The room is barely lit with unadorned light bulbs. Rows of beds are lined up in a crowded, spartan room. Cheap foam pads showcase the weighty voids of sleeping figures, yet the occupants themselves are disconcertingly missing. This is hardly the typical dorm room. You had better believe that this is high art.
Kader Attia's newest installation, "Sleeping from Memory," for the Institute of Contemporary Art's (ICA) "Momentum 9" series, harkens on the pestilence of the collective past of the artist as well as humanity at large. As an Algerian émigré, Attia spent much of his youth in abysmal rooms like the one he constructed for the ICA. Family members would crowd the small space, resting on inexpensive homemade beds made from plywood and foam. The exhibit is far from decadent, to be sure.

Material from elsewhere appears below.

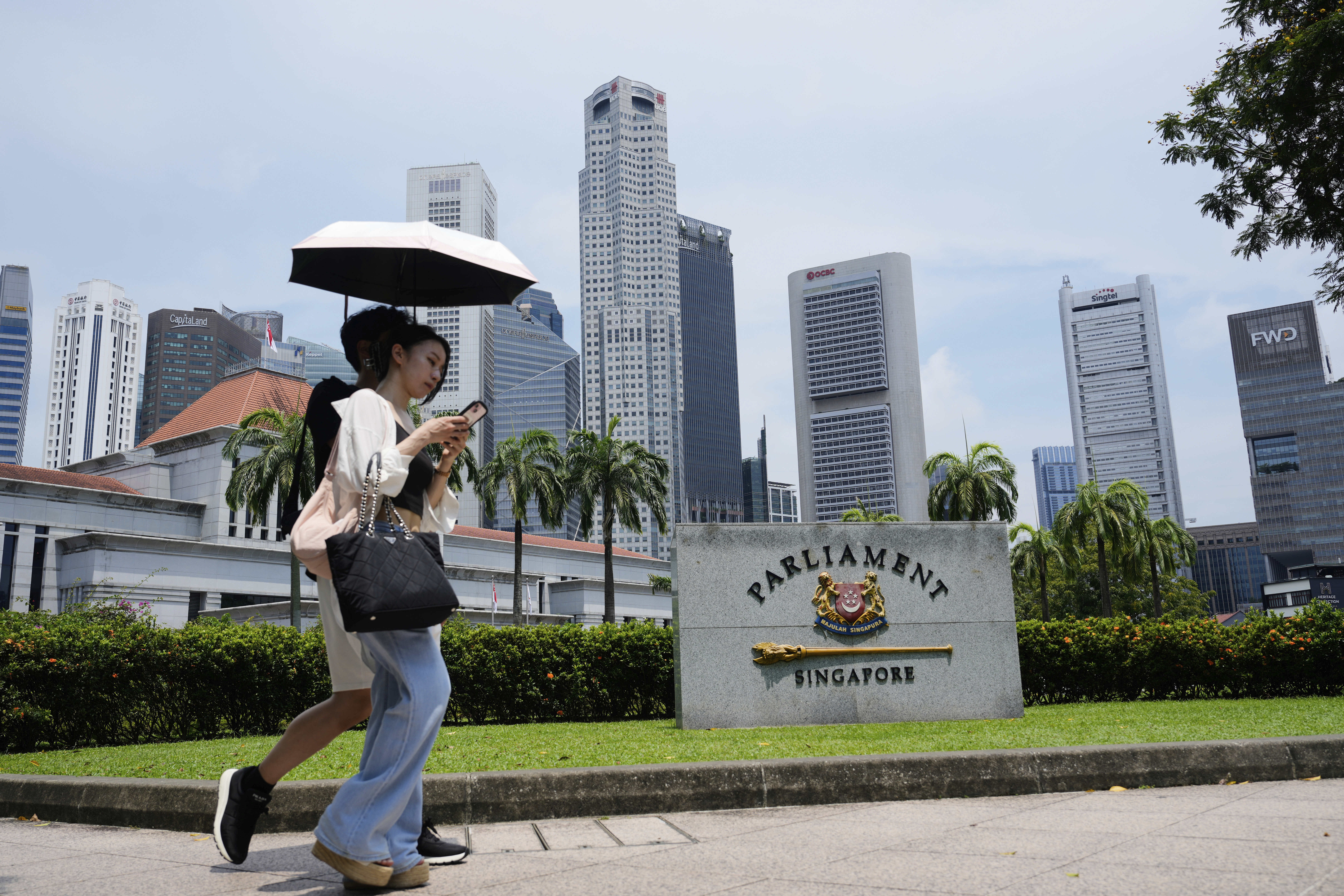 Pedestrians walk in front of the parliament building in Singapore, Friday, May 2, 2025. (AP Photo/Vincent Thian)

Notably, in recreating his childhood memory, Attia has removed the occupants of the beds. The notion of absence is both literal and figurative - only the impressions remain. Yet the commonality of these sleepers and their own possibly unique dreams create a dichotomy between the situational and mental. The installation seems to make a statement through its lack of statement.
Although Attia has no signature style, his use of mundane materials and fascination with the idea of loss unites his work. His previous installations, such as "Flying Rats," where birdseed-molded child forms were eaten by birds, are testaments to the interactive, evocative use of materials.
Ironically, "Sleeping from Memory" is an exception. The cheap foam he once slept on as a child has become the modern bourgeois mattress of choice. Save the plywood mattress box and headboard, the beds have an air of regality. That which was once pauperized is now luxurious.
Attia enlisted the aid of students from the Massachusetts College of Art and Design and the ICA Teen Arts Council to fashion the forms in the bed. Each student traced his or her outline on the foam and dug out the excess matter. The result is a striking impression of personal loss, only made more intense by the humanity of the forms.
According to Attia's description, "[The students] draw their own absence. The emptiness of the shape of their body becomes more important than the real body."
Attia's singular memory and idea for the work thereby became a poignant universal effort.
Regardless of how the figures were constructed, the human voids resemble casts of fossilized figures. The impression of the individual who once was there is all that remains. The spirit haunts the bed, much like an affecting memory pervades in dreams.
The installation is a moment frozen in time, with the carved figures frozen in the positions they will continue to assume for eternity (or at least as long as the exhibit lasts). Attia seems to tease the viewer with the question of whether it is possible for a room of anonymous casts to have both individuality and a higher social or political identity.
In any case, the "Sleeping from Memory" installation is far from a soporific bore. The exhibit is relegated to a separate gallery, away from the sculptures and paintings which line neighboring galleries. Although the ICA has a relatively small gallery space, Attia's newest installation is reason alone to explore this Boston harbor museum.